++++ Data for the task ++++

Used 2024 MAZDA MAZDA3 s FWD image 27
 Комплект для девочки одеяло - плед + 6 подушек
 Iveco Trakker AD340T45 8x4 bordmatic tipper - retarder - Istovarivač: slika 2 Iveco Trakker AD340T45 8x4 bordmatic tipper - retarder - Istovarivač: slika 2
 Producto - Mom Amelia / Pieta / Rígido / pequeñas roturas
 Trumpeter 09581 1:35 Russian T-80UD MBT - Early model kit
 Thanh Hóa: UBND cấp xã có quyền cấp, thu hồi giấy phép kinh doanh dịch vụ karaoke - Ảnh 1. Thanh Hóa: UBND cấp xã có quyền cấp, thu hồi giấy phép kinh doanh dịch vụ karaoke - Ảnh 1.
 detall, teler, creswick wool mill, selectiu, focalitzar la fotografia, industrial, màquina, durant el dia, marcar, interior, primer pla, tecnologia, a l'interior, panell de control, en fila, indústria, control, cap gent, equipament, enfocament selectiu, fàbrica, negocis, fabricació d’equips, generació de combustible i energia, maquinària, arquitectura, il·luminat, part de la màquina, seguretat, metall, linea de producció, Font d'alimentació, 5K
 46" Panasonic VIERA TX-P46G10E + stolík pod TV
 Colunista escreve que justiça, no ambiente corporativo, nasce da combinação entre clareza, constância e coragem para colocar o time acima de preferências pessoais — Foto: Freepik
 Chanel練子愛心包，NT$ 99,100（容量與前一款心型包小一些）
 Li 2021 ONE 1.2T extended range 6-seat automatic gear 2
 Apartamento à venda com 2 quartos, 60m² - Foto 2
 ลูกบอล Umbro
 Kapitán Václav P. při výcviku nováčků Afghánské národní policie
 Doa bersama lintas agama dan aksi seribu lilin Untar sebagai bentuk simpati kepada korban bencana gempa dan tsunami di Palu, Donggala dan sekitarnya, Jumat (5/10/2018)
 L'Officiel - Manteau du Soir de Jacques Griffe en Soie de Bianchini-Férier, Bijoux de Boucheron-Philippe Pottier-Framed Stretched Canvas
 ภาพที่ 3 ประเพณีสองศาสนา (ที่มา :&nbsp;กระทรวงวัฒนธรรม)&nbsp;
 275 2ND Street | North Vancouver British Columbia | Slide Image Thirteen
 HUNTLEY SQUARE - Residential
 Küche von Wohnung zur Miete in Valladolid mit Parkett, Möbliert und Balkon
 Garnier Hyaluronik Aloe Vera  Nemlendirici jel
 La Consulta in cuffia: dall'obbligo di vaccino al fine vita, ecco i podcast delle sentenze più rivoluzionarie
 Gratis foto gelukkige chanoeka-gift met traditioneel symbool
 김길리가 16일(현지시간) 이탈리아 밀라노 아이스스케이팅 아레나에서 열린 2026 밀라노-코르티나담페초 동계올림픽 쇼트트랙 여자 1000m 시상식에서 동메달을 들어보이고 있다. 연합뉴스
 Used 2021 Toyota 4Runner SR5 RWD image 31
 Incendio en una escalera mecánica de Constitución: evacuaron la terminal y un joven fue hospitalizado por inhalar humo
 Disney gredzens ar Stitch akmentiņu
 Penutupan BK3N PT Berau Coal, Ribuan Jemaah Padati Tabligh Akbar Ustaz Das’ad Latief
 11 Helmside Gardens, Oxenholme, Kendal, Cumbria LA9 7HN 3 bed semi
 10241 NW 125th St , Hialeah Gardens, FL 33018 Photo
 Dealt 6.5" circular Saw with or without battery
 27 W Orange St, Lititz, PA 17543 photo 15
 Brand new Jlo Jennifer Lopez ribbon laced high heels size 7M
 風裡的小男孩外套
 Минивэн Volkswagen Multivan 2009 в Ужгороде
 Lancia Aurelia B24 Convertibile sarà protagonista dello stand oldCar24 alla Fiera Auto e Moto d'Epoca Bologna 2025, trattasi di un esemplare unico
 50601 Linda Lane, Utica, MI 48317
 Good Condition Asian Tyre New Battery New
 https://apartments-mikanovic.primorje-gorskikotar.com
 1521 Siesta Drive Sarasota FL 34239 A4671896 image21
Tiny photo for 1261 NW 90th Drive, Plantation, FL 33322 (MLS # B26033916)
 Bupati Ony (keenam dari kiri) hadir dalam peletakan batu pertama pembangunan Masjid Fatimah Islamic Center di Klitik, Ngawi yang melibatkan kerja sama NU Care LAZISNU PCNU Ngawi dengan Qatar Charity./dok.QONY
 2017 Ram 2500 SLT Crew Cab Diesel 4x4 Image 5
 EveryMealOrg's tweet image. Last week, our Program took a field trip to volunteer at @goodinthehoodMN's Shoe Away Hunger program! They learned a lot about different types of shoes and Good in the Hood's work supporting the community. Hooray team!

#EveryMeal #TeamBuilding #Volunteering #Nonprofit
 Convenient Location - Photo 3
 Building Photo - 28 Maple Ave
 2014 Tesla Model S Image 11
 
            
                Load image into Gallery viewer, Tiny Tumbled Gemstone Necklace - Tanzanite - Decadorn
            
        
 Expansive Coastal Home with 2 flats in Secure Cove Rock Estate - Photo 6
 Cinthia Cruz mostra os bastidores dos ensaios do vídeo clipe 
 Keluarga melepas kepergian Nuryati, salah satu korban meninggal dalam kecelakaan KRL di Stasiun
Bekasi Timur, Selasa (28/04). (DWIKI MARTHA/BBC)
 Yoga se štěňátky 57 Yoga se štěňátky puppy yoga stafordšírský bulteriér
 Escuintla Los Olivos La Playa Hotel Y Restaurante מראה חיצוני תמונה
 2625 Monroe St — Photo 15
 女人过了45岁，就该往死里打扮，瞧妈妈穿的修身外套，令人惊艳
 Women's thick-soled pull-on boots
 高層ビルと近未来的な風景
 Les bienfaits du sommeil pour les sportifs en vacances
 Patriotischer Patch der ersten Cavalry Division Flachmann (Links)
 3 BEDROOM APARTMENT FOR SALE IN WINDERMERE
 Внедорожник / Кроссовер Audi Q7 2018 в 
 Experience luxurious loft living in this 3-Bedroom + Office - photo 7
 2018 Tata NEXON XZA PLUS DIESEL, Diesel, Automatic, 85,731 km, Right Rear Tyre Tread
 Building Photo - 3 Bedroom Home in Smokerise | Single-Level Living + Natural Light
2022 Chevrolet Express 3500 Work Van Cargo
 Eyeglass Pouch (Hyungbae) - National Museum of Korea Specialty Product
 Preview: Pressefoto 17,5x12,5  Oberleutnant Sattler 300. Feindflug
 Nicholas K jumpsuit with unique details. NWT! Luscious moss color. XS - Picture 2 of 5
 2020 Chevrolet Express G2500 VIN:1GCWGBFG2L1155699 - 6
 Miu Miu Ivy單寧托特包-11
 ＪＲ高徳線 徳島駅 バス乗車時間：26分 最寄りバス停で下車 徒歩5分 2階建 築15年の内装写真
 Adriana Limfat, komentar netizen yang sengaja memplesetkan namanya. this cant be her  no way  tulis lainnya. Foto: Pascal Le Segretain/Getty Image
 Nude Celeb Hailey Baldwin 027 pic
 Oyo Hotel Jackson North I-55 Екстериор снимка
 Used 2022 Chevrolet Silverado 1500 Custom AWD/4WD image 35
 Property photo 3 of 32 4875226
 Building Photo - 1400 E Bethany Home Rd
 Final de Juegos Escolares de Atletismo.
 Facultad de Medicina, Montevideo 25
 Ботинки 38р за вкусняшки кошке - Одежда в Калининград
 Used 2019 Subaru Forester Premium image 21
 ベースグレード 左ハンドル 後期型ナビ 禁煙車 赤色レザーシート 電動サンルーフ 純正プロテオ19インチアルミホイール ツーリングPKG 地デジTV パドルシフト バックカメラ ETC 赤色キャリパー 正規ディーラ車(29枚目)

++++

Task item
Scan the entries and show every line in which the word "Gardens" is found.

Exercise output
 11 Helmside Gardens, Oxenholme, Kendal, Cumbria LA9 7HN 3 bed semi
 10241 NW 125th St , Hialeah Gardens, FL 33018 Photo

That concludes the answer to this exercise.